Christopher Comstock Hart Rawson (born August 3, 1941) is an American writer, university teacher and theater critic.

== Formative years ==
Born in Providence, Rhode Island, on August 3, 1941, Rawson is the first-born child of noted stage and film actor Richard Hart. His parents divorced shortly after he was born, and he was adopted by his stepfather, Jonathan Rawson.

== Career ==
Rawson's main discipline is as a theater critic. From 1983 to 2009 he was full-time theater critic and theater editor at the Pittsburgh Post-Gazette, covering theater not just in Pittsburgh but also irregularly in New York, London and the Canadian theater festivals. In 1984, he started the annual Post-Gazette (Pittsburgh) Performer of the Year Award, now (2024) in its 41st year. In 2009, he semi-retired, continuing as that paper's part-time senior theater critic. He also appeared as the critic for KDKA-TV, WQED (TV) and WQED-FM. Mr. Rawson attended Deerfield Academy. His B.A. is from Harvard University and his M.A. and Ph.D. from the University of Washington at Seattle.

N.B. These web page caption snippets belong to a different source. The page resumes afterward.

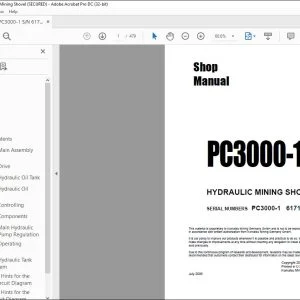 KOMATSU PC3000-1 EXCAVATOR HYDRAULIC MINING SHOVEL SHOP MANUAL SMPC30006171 - PDF DOWNLOAD
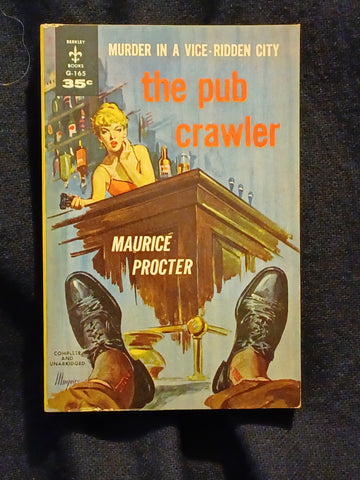 Pub Crawler by Maurice Procter. First Berkley printing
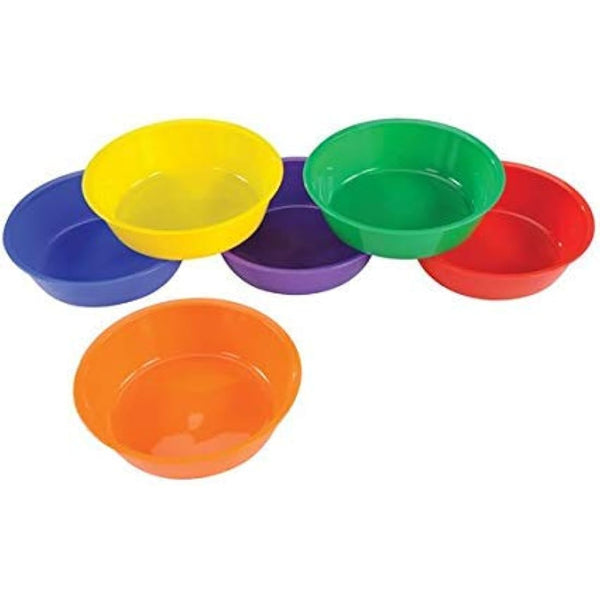 a2bsales Sorting Counters Starter Packs - Early Learning & Motor Skills Maths Toy - SEN Montessori (Sorting Bowls - 6 Pk)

Rawson is active in several theater organizations. He has been a board member since the early 1990s of the American Theatre Hall of Fame, for which, succeeding Henry Hewes (critic), he supervises the annual nominations and balloting for the selection of new inductees. He has long been active in the American Theatre Critics Association (ATCA), which he has twice served as chair (1991–93 and 2007–11) and for which he has organized conferences in London, at Connecticut's O'Neill Theater Center, at Canada's Shaw and Stratford Festivals and at the Oregon Shakespeare Festival. In 2019 he was named ATCA Historian and he continues to chronicle its history through its website at www.americantheatrecritics.org. He was also a founding member of the ATCA Foundation and continues on its Board. For some years he was on the editorial board of Best Plays, the standard theater yearbook established in 1920 by Burns Mantle.

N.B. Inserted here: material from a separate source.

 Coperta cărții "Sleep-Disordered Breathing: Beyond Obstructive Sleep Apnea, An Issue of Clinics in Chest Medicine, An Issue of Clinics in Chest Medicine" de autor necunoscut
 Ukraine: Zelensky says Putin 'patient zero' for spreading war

From 1968, and as Emeritus since 2018, Rawson was a member of the English faculty at the University of Pittsburgh, where he taught courses primarily in satire, Shakespeare, critical writing, Irish drama, and the work of playwright August Wilson. He came to know Wilson and his plays well through covering him since 1984 for the playwright's hometown newspaper of record. In 1999, when the eighth play ("King Hedley II") in what would become a 10-play cycle had its world premiere, in his Dec. 15 column in the Pittsburgh Post-Gazette, he was the first to name it the "Pittsburgh Cycle". Since then, the August Wilson Estate has named it the American Century Cycle, and both names are now used. Rawson is on the Board of Trustees (as secretary) and serves as program chair of the Daisy Wilson Artist Community, named for Wilson's mother, which has restored August Wilson House at 1727 Bedford Ave. in Pittsburgh's Hill District, where Wilson lived his first 13 years and where his cycle of 10 plays can be said to have begun.

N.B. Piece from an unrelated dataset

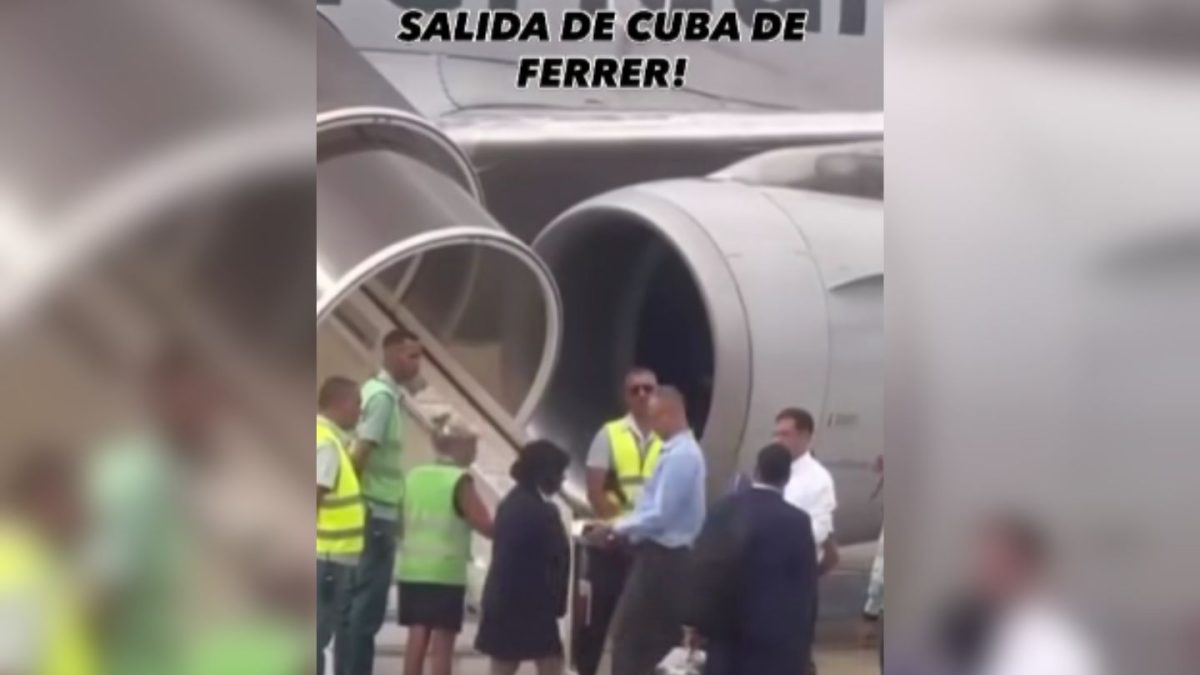 Captan el momento de la salida de José Daniel Ferrer de Cuba para un exilio forzoso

From 2001-2020 Rawson produced Off the Record, an annual musical theater satire of Pittsburgh news and newsmakers which raises funds for the Greater Pittsburgh Community Food Bank and other charities. In 1999, he wrote Where Stone Walls Meet the Sea, a 600-page centennial history of the Donald Ross-designed Sakonnet Golf Club in Little Compton, Rhode Island and of the summer colony of which it is a part. He and Laurence A. Glasco have written August Wilson: Pittsburgh Places in His Life and Plays (Pittsburgh History & Landmarks Foundation, 2nd edition, 2015) and their larger work, August Wilson's Pittsburgh, is expected soon, to be published by the University of Pittsburgh Press.

== Personal life ==
In the November 18, 1989 issue of the Pittsburgh Post-Gazette, Rawson characterizes himself as "enthusiastic, exhausted, and Unitarian", and on at least a handful of Sunday services during the prior two decades, he had addressed the congregations of Unitarian Universalist churches in the Greater Pittsburgh metropolitan area.

On October 2, 1976, Rawson married Pittsburgh television producer Mary Sweenie (née Riedel), by which name she continued to be credited prior to 1980. Since then, she has become much better known as Mary Rawson. The Rawsons have four children, a son and three daughters.